[
https://issues.apache.org/jira/browse/FLUME-2070?page=com.atlassian.jira.plugin.system.issuetabpanels:comment-tabpanel&focusedCommentId=13684105#comment-13684105
]
wolfgang hoschek commented on FLUME-2070:
-----------------------------------------
bq. This need not be synchronized, since only one thread - the sink runner will
call process on a particular sink
thanks - this is now fixed
bq. This counter should be incremented every time indexer.process() is called
(though not all sinks even try to update this counter}
I looked at HDFSEventSink and it behaves exactly like the MorphlineSink in this
regard
bq. We should log the exceptions if the rollbacks (for the indexer or the
channel failed})
thanks - this is now fixed
bq. Why not use a LinkedBlockingDeque or something like that here
thanks - this is now fixed
bq. Also we might want to make sure we only spawn a maximum number of the
LocalMorphlineInterceptors?
The maximum number of the LocalMorphlineInterceptors won't get bigger than the
number of concurrent threads, so this seems fine to me without an explicit limit
bq. This array can be pre-allocated and reused no?

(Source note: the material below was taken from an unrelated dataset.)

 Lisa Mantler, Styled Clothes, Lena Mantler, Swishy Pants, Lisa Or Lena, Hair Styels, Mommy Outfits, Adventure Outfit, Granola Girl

I'm not sure it can be reused in a thread safe way and if thread safety is
required here.
bq. This code seems to be repeated in BlobHandler and BlobDeserializer, maybe
move it to a util class or something?
I'd rather keep it separate for the time being. For examnple, at some point you
guys might decide to pull one of the two classes up into a higher package and
in this case it's easier to not have the code entangled.
bq. Also, could you please rebase on trunk?
yep, i've attached a new patch
bq. Also, we should see if we can fix the build issue.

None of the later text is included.